Kansas City, Mo. – Bush honeysuckle remains green as autumn fades and winter arrives, which offers a chance for homeowners to help battle this invasive species. It’s easy to spot in early winter as one of the last shrubs to drop leaves. Missouri Department of Conservation (MDC) biologists and other public land managers work to reduce bush honeysuckle in the Kansas City area because its prolific growth chokes out native plants valuable for their beauty and wildlife habitat.
   Bush honeysuckle is an import from Asia that produces leaves earlier in the spring and holds on to them late in autumn. Some stands will still be green into December given mild weather conditions, said Larry Rizzo, MDC natural history biologist. That gives it a competitive advantage over many native plants. Plus, the plant’s roots produce a chemical that inhibits the roots of other plants. The shrub grows fast and produces bright red berries in fall that birds eat and then spread the seeds.
   But those berries are not very nutritious for birds, Rizzo said. And bush honeysuckle crowds out plants and trees that are good for birds and other wildlife.
   “It’s like the potato chips of berries for birds,” he said.
   Volunteers recently donated workdays to remove bush honeysuckle at several public parks in the Kansas City metro area.

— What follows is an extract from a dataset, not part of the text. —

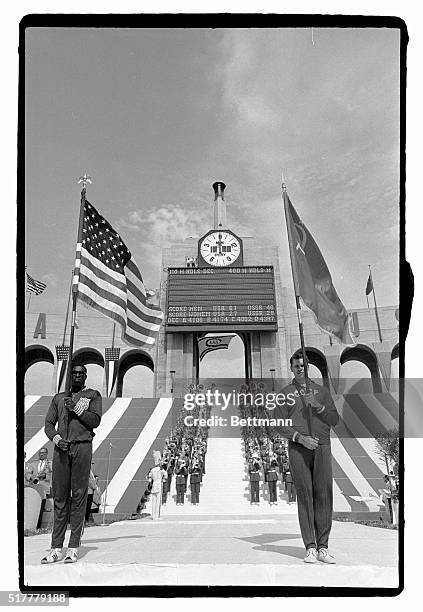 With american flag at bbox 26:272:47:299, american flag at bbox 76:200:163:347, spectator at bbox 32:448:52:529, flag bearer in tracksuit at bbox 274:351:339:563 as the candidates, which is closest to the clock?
american flag at bbox 76:200:163:347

Those projects are a partnership between MDC, the non-profit Kansas City Wildlands, and municipal park agencies. The goal is keeping harmful invasive plants out of high quality natural areas on public lands.
   But bush honeysuckle is also harmful growing in yards and on acreages or farms. It often sprouts up along fence lines and in brushy areas. Once started, it’s hard to stop. Homeowners can help by spotting bush honeysuckle and removing it from their property.
   “It’s really easy to identify right now,” said Erin Shank, MDC wildlife biologist.  “Our native vegetation is not green anymore this time of year so bush honeysuckle really stands out.”
   The plant’s active state also makes it susceptible to treating its foliage with herbicides if it remains green in November.
    “You can do so with minimal to no damage to native vegetation because natives are dormant and won’t uptake the chemical,” Shank advised.
   Foliar spraying of honeysuckle is most effective on young to middle-aged stands that average less than seven feet in height. The most efficient tool for foliar treatment is a mist blower, which is most useful on areas larger than one acre. Foliar spraying can also be accomplished less expensively with simple backpack sprayers. Shank recommends a three percent glyphosate (Roundup) solution with an added surfactant. Coat as much of the foliage as possible. Foliar spray when weather forecast predicts dry conditions for at least four hours after treatment.
   When plants are over seven feet high, cutting and stump treating honeysuckle is necessary. This practice can be done any time of year when the temperature is above freezing though there is some evidence that mid-autumn timing may be more effective. Cut stumps as low to the ground as possible, then treat the stump with 20 percent glyphosate solution using a squirt bottle within 10 minutes. It is crucial to treat the stump quickly after cutting. The low humidity conditions of fall causes stumps to dry enough in a short time to inhibit the uptake of the chemical to the root system. The cut surface of the stump should be lightly coated; herbicide does not need to be dripping off the stump.
    Once bush honeysuckle is gone, what are some good ways to get green back into a yard?
    “There is a whole suite of native plants that are great to replace it with,” Shank said.  She suggests American beauty berry, fragrant sumac, vernal witch hazel, wild plum, and choke cherry to name a few.  An excellent source of native plant alternatives can be found  These plants will also be far more beneficial to native wildlife than the exotic bush honeysuckle.
   Homeowners can help win the war against the invasive bush honeysuckle, and now is the perfect time to attack it.  For more information on controlling bush honeysuckle, go to
   Kansas City Wildlands program has also developed a Honeysuckle Academy training program to help homeowners associations or other groups battle the invasive species in their neighborhood. For information, call (816) 561-1087.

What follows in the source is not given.